Significance. If the reported gains are robust and specifically attributable to compelled visual grounding rather than data volume or diversity effects, the work provides a lightweight, annotation-free lever for improving visual reasoning in MLLMs. This could influence data curation practices for instruction tuning. The open-source code is a clear strength that supports reproducibility and extension.
major comments (3)
- [Abstract, §3] Abstract and §3: The load-bearing assertion that the reformulated SSL tasks 'cannot be solved without relying on visual evidence' is stated but not tested. No ablation evaluates whether a language-only model or a vision-ablated input can solve the tasks above chance (e.g., via common object-color associations for color matching or orientation statistics for rotation). Without this, gains cannot be confidently attributed to visual utilization rather than generic instruction data effects.
- [§4, Table 2] §4 and Table 2: Performance tables show improvements on vision-centric evaluations, but lack controls that inject equivalent volumes of non-SSL instructions (random or language-prior-heavy) to isolate the contribution of the visual-grounding mechanism. The 3-10% fraction is presented as key, yet no scaling or volume-matched baseline is reported.
- [§4.3] §4.3: While multiple models and benchmarks are evaluated, the manuscript provides no statistical tests, run-to-run variance, or confidence intervals. This weakens the claim of 'consistent' improvements, especially given the small data fraction and potential sensitivity to training hyperparameters.
minor comments (2)
- [§2] §2: Related work on SSL in vision-language models is cited, but the discussion of how the proposed reformulation differs from prior uses of pretext tasks in MLLM training could be expanded for clarity.
- [Figure 1] Figure 1: The diagram illustrating the data augmentation pipeline is helpful, but the caption should explicitly note the exact percentage of SSL samples used in the illustrated example.
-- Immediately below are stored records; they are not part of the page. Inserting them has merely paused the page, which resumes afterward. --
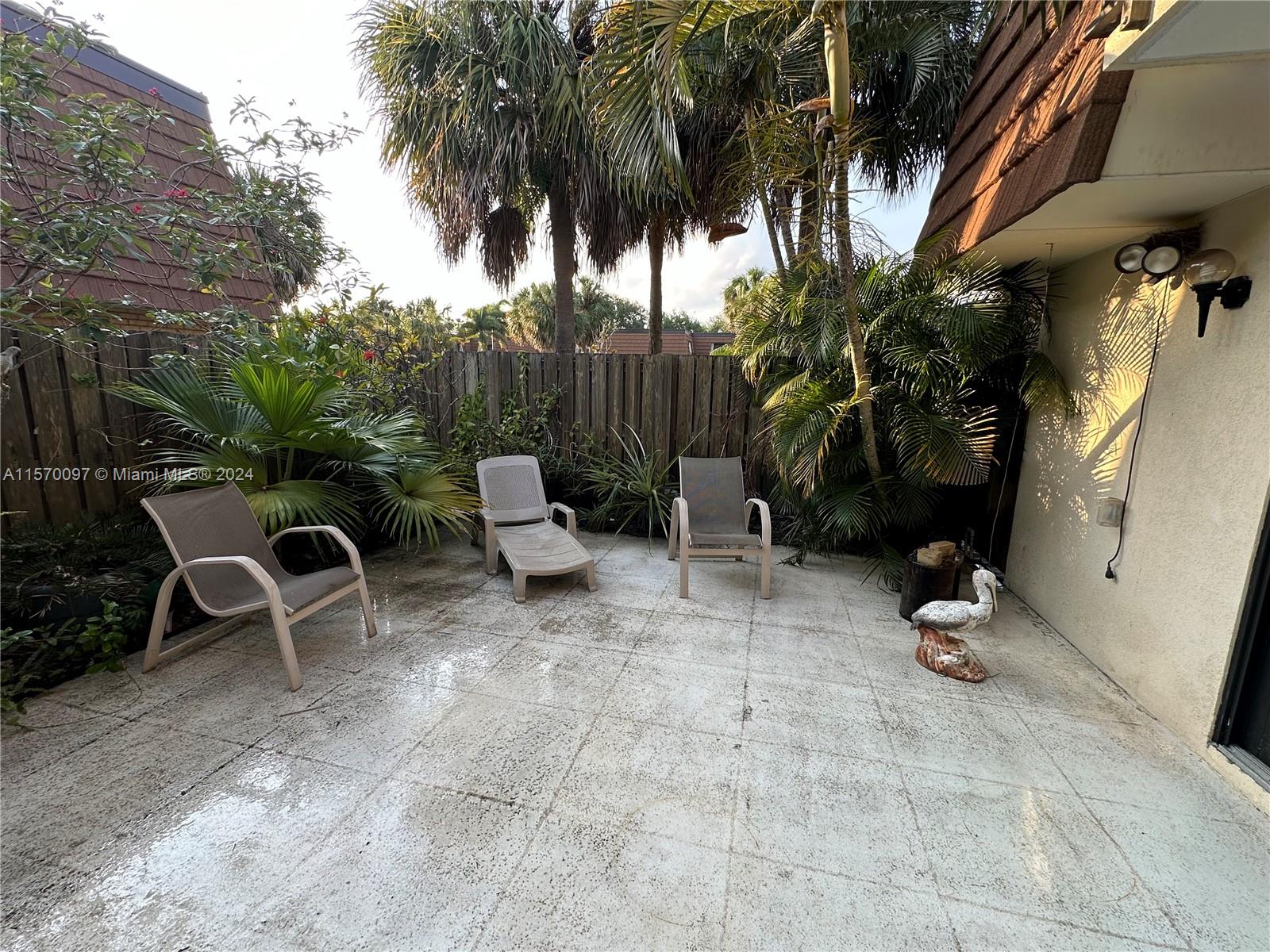 2413 24th Court Jupiter, FL 33477 - Photo 6 of 32 a backyard with a table and chairs and a barbeque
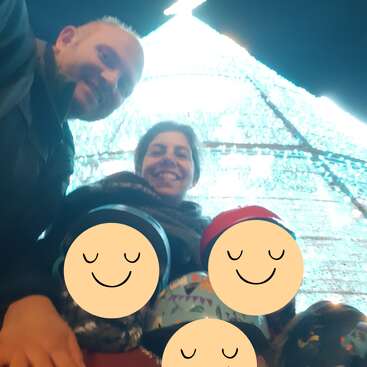 A smiling family poses together in front of a brightly lit, towering Christmas tree. Children's faces are covered with smiley emojis, creating a cheerful, festive atmosphere.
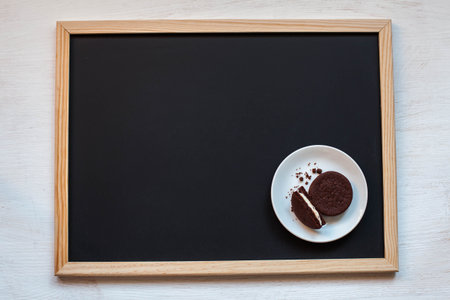Oreo cookies on a black background with coffeeの写真素材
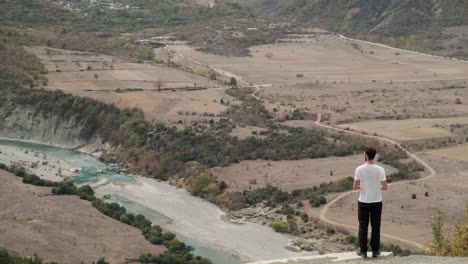 vjose river running next to autumn trees at sunrise on a road trip of albania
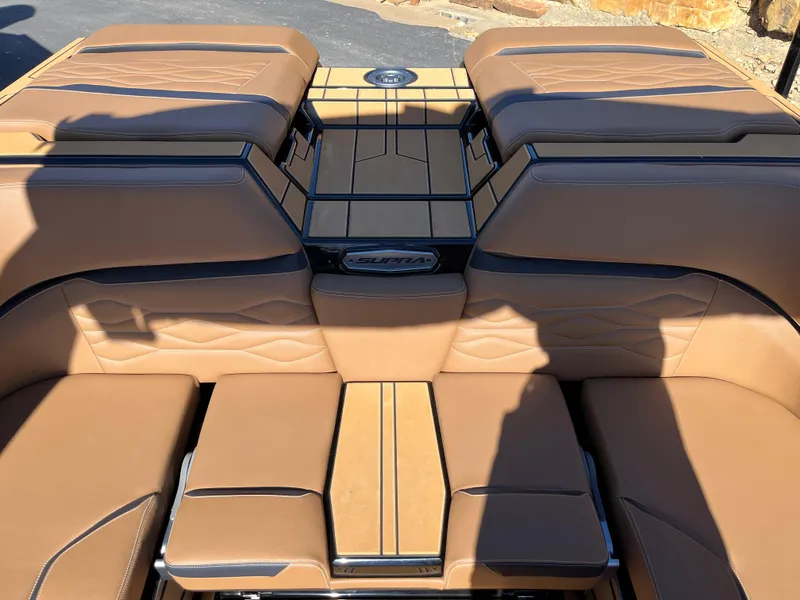 Slide: The Image of 2025 Supra SE boat interior with tan leather seating and sleek design. - 23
Simulated Author's Rebuttal
We thank the referee for the constructive comments, which help clarify the contributions and strengthen the evidence for our claims. We address each major point below and commit to revisions that directly respond to the concerns while preserving the core findings.
read point-by-point responses
-
Referee: [Abstract, §3] The assertion that reformulated SSL tasks 'cannot be solved without relying on visual evidence' is stated but not tested. No ablation with language-only model or vision-ablated input to check if solvable above chance via priors.
Authors: We agree this explicit test would provide stronger attribution. The tasks were selected precisely because classical SSL literature shows they depend on visual properties (e.g., rotation requires image orientation; cross-view correspondence requires spatial alignment not deducible from text). In the revised manuscript we will add a controlled ablation: (i) a text-only LLM baseline on the same instruction triplets and (ii) a vision-ablated MLLM variant, demonstrating near-chance performance and thereby confirming the visual-grounding requirement. revision: yes
-
Referee: [§4, Table 2] Performance tables lack controls injecting equivalent volumes of non-SSL instructions (random or language-prior-heavy) to isolate visual-grounding mechanism; no volume-matched or scaling baseline for the 3-10% fraction.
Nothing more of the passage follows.